The fix is structural. Rather than tuning around the existing locking design, the patch proposes replacing a global percpu_rwsem in the cgroup core with a more granular mechanism, with the stated goal of reducing lock contention that currently surfaces during both fork() and exec() hot paths.

The Problem: A Global Lock in a High-Throughput World

The cgroup subsystem uses a percpu_rwsem — a per-CPU read-write semaphore — as a system-wide gate on certain process lifecycle operations. The read side is taken during fork() and exec(); the write side is taken when a process is migrated between cgroups. On systems that spawn processes at high rates — container orchestrators, build farms, parallel test harnesses, CI/CD pipelines — this asymmetry creates a measurable bottleneck: frequent cgroup migrations can stall the write-side acquisition, which in turn causes the read-side fork()/exec() traffic to queue behind it.

The v4 designation on Yi Tao's submission indicates this work has been through at least three prior rounds of review, a standard sign that the problem is technically non-trivial and the solution has been refined iteratively through mailing list feedback.

Why fork() Carries This Cost

To appreciate why this contention matters, it helps to be precise about what fork() actually does at the kernel level. A fork() call causes the kernel to duplicate the parent's page tables, set up a copy-on-write mapping of the address space, and initialize a new task_struct — all before a subsequent exec() tears most of that down to load the new process image. Even with copy-on-write semantics, the page table allocation and teardown are not free, particularly at scale or on processes with large virtual address spaces.

The POSIX standard does offer an alternative: posix_spawn() and posix_spawnp() are designed precisely to create a new child process from a specified process image without duplicating the parent's address space. The intent is to avoid the overhead that fork-then-exec incurs. On platforms with a native kernel implementation — certain microkernel or RTOS environments — this delivers a real speedup. On Linux, however, posix_spawn() is not implemented as a true syscall; glibc maps it back to fork() followed by exec(), meaning Linux workloads get none of the theoretical benefit.
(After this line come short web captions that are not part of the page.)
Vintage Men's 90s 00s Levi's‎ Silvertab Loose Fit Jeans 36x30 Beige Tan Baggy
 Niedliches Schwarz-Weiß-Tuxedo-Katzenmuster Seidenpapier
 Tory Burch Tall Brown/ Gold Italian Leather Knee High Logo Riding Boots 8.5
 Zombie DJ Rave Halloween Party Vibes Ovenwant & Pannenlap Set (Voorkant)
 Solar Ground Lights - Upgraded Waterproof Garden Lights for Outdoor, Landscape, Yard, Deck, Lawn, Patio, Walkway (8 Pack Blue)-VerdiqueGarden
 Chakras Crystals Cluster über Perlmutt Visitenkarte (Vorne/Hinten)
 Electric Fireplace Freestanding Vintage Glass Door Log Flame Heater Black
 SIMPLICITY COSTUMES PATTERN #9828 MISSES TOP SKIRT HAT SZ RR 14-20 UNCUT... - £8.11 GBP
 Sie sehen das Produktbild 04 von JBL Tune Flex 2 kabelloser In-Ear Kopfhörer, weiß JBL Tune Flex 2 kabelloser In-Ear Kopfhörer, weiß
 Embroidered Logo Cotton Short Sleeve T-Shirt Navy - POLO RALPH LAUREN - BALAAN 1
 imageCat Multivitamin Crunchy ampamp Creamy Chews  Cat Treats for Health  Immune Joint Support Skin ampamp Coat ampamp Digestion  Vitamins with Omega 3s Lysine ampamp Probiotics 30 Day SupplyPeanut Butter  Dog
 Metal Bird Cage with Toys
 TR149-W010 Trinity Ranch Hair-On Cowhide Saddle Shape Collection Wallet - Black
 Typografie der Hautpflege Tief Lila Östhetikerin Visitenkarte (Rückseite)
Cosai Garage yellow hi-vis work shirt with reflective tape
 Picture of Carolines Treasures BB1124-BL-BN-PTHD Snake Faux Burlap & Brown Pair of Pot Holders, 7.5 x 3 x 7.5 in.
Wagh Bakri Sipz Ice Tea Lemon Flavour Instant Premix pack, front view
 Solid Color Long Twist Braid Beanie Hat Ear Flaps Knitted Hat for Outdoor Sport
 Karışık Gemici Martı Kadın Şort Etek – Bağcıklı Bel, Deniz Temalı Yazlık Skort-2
The page table creation and teardown remain on the critical path.

This context matters for Yi Tao's patch because it frames why the percpu_rwsem contention is particularly painful on Linux: the kernel cannot shortcut the fork-exec sequence the way a native posix_spawn() implementation could, so every spawned process touches the lock.

What the Patch Changes

The patch series replaces the single global percpu_rwsem with a design intended to decouple the concurrency domains of cgroup migration and process creation. The precise replacement mechanism — whether a per-cgroup lock, a finer-grained hierarchy of semaphores, or another primitive — is detailed in the patch itself and subject to maintainer review, which is characteristic of LKML's iterative process. The v4 revision suggests the approach has already survived scrutiny on the broad strokes and is now being refined at the implementation level.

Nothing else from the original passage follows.